# This is most likely...



## Unique (Apr 11, 2005)

our second CHI!
:lol: :lol: :lol: :lol: :lol: :lol: :lol: :lol: :lol: 

Aint he beautyful..? He was only two days old there.
His name is Laramy..dont know if we keep the name yet, but its cute I think.
AND??? Do you guys think he´d go good together with my Bentley baby???
Gosh I am so excited....










xx,


Nadine.


----------



## mychisangel (May 6, 2005)

He's absolutely adorable and I think Laramy and Bentley are great names and go together really well. :lol:


----------



## xx-nathalie-xx (Jan 10, 2005)

i love the name ....and the puppy looks so cute !!

kisses nat


----------



## SC (Oct 15, 2004)

mychisangel said:


> He's absolutely adorable and I think Laramy and Bentley are great names and go together really well. :lol:


Oh I agree!!! How exciting!


----------



## fizzy n kirbys mum (Jan 17, 2005)

what a perfect little angel


----------



## nabi (Nov 25, 2004)

He is beautiful....they both have great names.


----------



## MYCHIBABY (Apr 26, 2005)

He's adorable. Those names are perfect together. They make a great match. You're so lucky.


----------



## SunnyFLMum (Apr 21, 2005)

Awwww...look at his little feet!! I love puppy feet...I kiss Gizmo's lil feet everyday...LOL...

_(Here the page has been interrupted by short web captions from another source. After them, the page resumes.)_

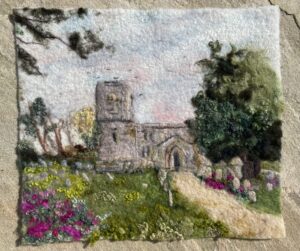Sarah Roche: St James the Great, Fulbrook
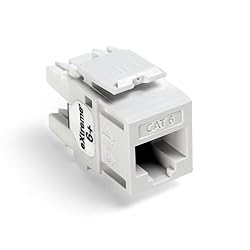 Leviton 61110-BW6 eXtreme 6+ QuickPort
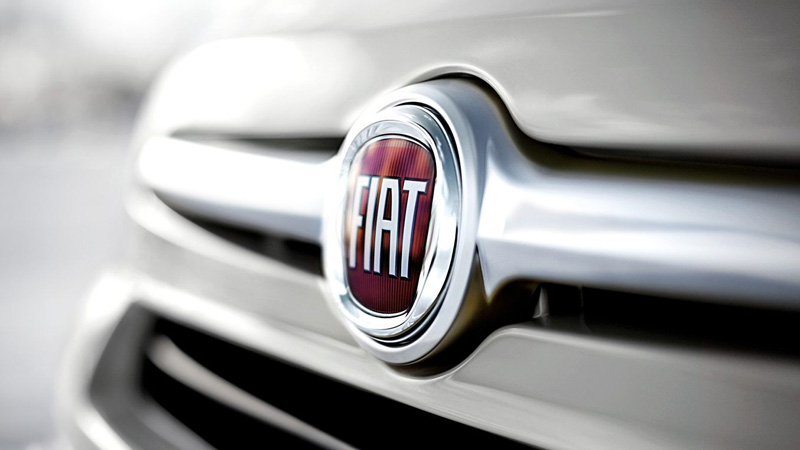 Fiat emblem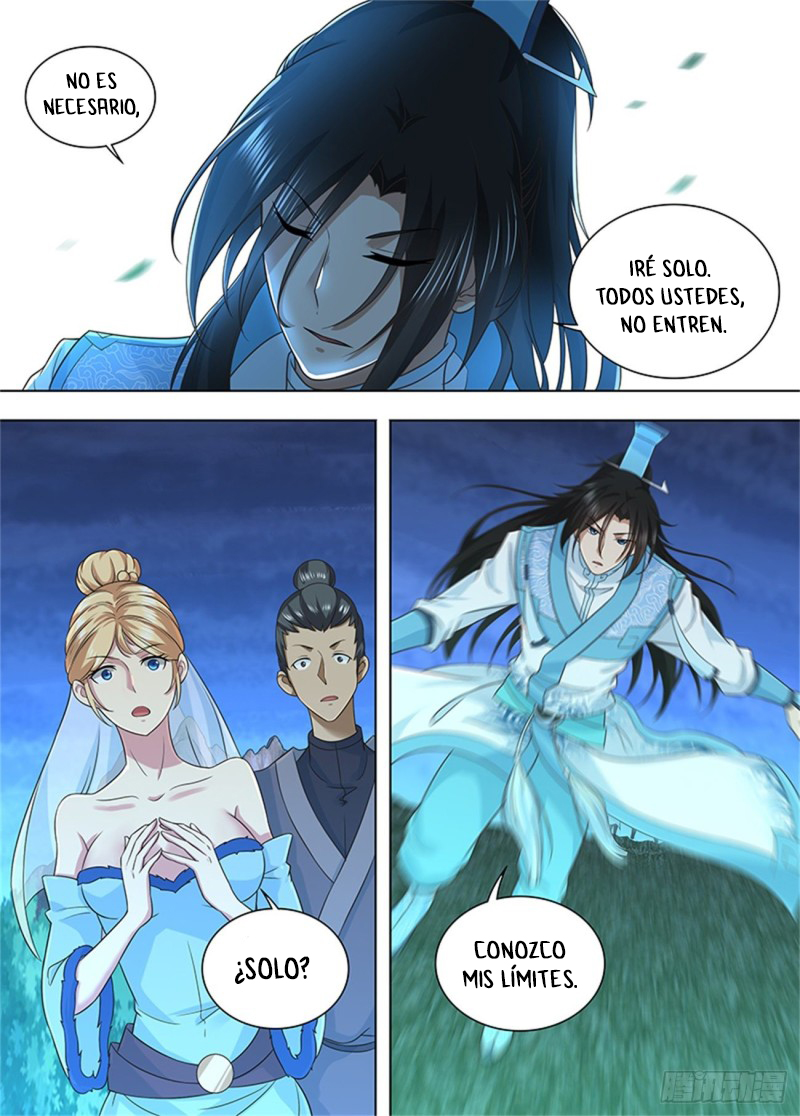 Read El Supremo del Camino del Qi ES Manga Online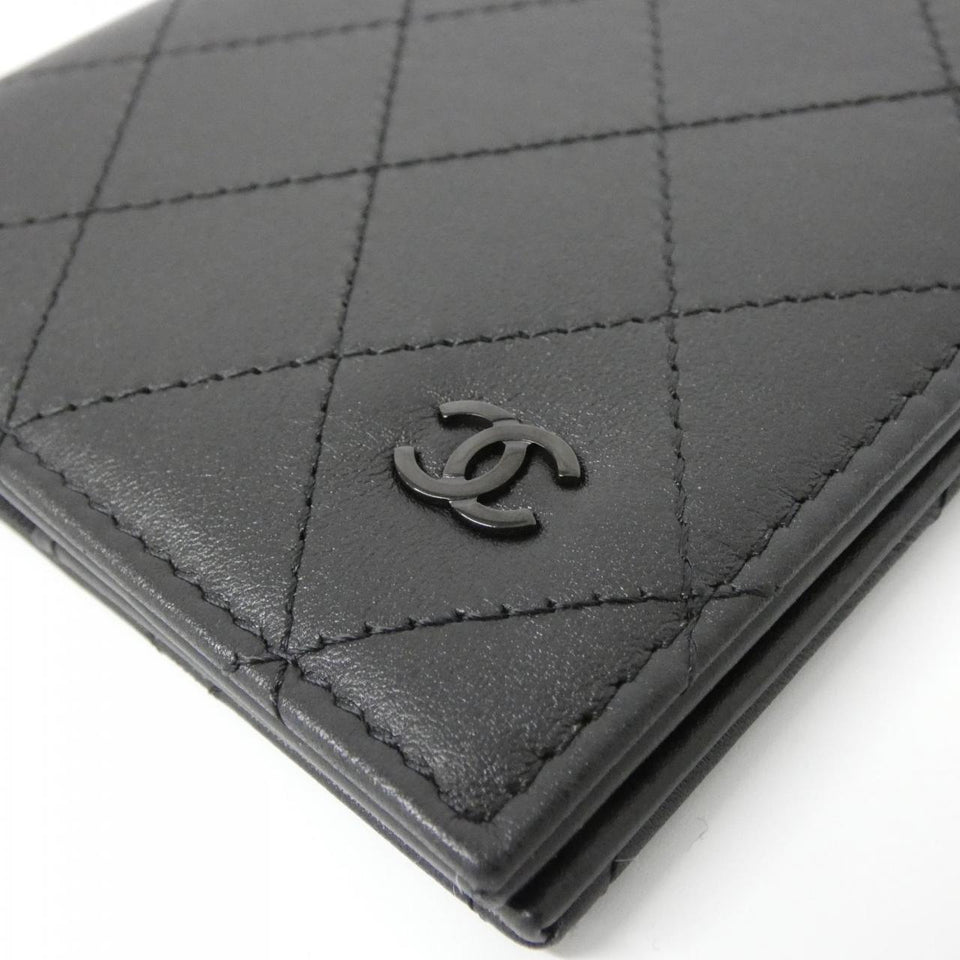 Chanel AP3821 Calfskin Passport Case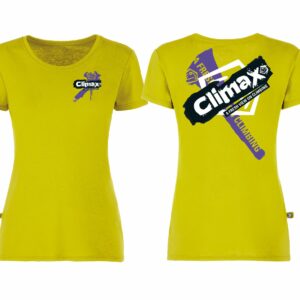 E9 T-shirt Climax Edition (Women)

OMG I have a Chi-foot fetish...LOL :shock: 

He is a handsome fella....I would get him in a heartbeat :love5:


----------



## OzzyAndLilysMom (Mar 9, 2004)

yes he would go perfect hes a little angel


----------



## CooperChi (Dec 16, 2004)

He looks wonderful! How exciting!


----------



## chihuahua-lady (Apr 13, 2005)

awwwwww what a cutie


----------



## KJsChihuahuas (Jan 6, 2005)

Omg he is so cute!!!


----------



## Mia's Mom (Jan 25, 2005)

Awwwww, how cute.... I love the names together, too!! Congrats!! :wave:


----------



## xfayex (Apr 4, 2005)

awww id snatch him up quick he's a beauty!


----------



## luvmydogs (May 13, 2005)

Cute Cute Cute.

Leslie


----------



## sjc (Jan 14, 2005)

He is a beautiful color too!! The name is great..very fitting! I adore Chi feet too :wink:


----------



## Unique (Apr 11, 2005)

Thanks guys.. I am in love too!!!

I am sure Bentley will adore him! His little brother :wink: 

Thats him Mommy..









And thats his Daddy....









xx,

Nadine.


----------



## Cooper (Jun 15, 2005)

He's absolutely gorgeous! Of course, I *am* partial to the chocolates.


----------



## MissMolly (Jan 28, 2005)

Awwww! He's adroable!!!! His mommy and daddy are sooo cute too!!!


----------



## Rachael Polachek (Feb 19, 2005)

Did you think we'd advise you not to get a 2nd chi?  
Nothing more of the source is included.